▶ Work instructions
Each line holding the string "Used" is to be copied from the data.

** Given data follows **

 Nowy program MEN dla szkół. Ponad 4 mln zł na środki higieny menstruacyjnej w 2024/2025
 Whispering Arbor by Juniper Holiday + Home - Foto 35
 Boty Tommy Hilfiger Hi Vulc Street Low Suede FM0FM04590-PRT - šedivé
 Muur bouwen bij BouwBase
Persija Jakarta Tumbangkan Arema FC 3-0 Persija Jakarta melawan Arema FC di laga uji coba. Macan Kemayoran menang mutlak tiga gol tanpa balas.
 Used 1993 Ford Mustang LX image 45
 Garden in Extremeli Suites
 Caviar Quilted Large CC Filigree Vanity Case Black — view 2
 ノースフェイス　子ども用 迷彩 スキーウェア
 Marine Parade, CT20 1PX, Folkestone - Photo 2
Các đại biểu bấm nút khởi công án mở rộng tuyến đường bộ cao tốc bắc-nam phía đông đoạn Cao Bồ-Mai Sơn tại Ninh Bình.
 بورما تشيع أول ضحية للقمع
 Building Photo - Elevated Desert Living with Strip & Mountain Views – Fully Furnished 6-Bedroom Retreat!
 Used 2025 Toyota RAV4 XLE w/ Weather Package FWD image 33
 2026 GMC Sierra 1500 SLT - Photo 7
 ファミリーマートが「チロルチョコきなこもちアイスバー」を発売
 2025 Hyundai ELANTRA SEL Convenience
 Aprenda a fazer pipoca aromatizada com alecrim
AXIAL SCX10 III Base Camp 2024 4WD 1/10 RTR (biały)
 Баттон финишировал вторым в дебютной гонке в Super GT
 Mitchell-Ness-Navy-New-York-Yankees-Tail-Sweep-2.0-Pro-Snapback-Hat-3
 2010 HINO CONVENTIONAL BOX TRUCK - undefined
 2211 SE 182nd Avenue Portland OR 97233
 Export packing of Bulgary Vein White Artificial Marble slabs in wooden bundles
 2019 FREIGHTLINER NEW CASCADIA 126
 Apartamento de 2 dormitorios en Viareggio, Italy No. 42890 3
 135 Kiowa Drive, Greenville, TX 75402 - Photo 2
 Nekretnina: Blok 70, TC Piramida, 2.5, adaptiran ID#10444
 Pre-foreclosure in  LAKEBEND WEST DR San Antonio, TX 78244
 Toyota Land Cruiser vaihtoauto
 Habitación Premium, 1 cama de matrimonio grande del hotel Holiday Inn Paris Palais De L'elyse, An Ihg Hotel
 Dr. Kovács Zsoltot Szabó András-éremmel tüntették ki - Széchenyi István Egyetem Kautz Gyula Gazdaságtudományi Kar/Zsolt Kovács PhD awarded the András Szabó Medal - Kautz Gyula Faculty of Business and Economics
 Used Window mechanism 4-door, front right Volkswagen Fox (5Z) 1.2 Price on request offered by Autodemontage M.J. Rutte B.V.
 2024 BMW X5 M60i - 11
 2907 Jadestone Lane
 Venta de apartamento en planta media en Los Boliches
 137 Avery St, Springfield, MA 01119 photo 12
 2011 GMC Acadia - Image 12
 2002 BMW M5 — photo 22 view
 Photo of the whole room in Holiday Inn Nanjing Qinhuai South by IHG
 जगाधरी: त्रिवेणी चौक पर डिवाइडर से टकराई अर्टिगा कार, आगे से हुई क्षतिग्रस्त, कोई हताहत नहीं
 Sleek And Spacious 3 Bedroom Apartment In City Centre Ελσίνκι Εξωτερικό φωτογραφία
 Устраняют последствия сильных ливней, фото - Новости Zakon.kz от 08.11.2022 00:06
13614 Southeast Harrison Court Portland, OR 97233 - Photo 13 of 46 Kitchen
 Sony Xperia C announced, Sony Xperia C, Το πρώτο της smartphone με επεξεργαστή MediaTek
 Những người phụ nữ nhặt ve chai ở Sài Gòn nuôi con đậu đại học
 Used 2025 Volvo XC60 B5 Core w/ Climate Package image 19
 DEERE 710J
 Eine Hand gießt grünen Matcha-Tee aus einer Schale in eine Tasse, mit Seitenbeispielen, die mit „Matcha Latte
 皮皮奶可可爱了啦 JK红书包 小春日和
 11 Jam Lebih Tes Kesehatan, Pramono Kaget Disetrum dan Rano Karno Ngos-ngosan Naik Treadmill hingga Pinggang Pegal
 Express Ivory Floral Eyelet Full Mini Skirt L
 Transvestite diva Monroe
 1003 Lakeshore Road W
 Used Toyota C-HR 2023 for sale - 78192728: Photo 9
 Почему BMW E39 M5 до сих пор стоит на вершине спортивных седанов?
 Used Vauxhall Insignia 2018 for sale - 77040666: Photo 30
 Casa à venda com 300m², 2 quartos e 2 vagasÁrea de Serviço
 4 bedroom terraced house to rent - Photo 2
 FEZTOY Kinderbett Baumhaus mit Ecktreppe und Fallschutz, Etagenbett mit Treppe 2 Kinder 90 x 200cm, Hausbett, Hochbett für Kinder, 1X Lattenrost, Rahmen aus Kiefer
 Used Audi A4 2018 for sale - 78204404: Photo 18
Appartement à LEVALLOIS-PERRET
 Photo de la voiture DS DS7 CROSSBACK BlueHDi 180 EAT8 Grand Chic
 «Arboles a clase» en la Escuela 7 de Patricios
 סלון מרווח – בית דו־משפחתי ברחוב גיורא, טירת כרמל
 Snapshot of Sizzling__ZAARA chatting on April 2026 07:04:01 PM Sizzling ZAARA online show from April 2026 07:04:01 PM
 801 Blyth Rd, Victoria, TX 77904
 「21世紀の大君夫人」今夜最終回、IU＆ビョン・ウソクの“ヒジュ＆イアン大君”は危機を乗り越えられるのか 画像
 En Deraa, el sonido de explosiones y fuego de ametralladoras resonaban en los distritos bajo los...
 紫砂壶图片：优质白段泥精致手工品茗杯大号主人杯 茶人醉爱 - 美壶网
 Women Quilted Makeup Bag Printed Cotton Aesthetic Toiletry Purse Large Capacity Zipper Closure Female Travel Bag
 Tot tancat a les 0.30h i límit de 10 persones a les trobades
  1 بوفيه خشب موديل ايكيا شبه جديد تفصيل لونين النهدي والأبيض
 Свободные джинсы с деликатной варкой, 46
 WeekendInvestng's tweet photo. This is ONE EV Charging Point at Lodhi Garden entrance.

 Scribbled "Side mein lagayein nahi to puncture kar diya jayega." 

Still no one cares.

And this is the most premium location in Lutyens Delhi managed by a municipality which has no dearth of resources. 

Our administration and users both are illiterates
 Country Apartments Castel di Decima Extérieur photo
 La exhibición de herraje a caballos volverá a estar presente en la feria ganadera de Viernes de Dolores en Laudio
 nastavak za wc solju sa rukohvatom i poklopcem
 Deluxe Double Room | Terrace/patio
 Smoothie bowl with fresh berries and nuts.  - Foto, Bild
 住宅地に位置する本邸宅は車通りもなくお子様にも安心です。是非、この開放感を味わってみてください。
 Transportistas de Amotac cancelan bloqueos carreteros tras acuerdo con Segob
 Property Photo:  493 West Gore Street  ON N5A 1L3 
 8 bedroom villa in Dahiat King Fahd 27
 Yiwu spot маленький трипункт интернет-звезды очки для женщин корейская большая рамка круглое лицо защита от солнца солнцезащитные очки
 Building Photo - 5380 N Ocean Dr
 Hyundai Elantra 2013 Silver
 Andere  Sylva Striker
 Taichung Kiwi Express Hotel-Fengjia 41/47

** End of Given data **

▶ Completed exercise
 Used 1993 Ford Mustang LX image 45
 Used 2025 Toyota RAV4 XLE w/ Weather Package FWD image 33
 Used Window mechanism 4-door, front right Volkswagen Fox (5Z) 1.2 Price on request offered by Autodemontage M.J. Rutte B.V.
 Used 2025 Volvo XC60 B5 Core w/ Climate Package image 19
 Used Toyota C-HR 2023 for sale - 78192728: Photo 9
 Used Vauxhall Insignia 2018 for sale - 77040666: Photo 30
 Used Audi A4 2018 for sale - 78204404: Photo 18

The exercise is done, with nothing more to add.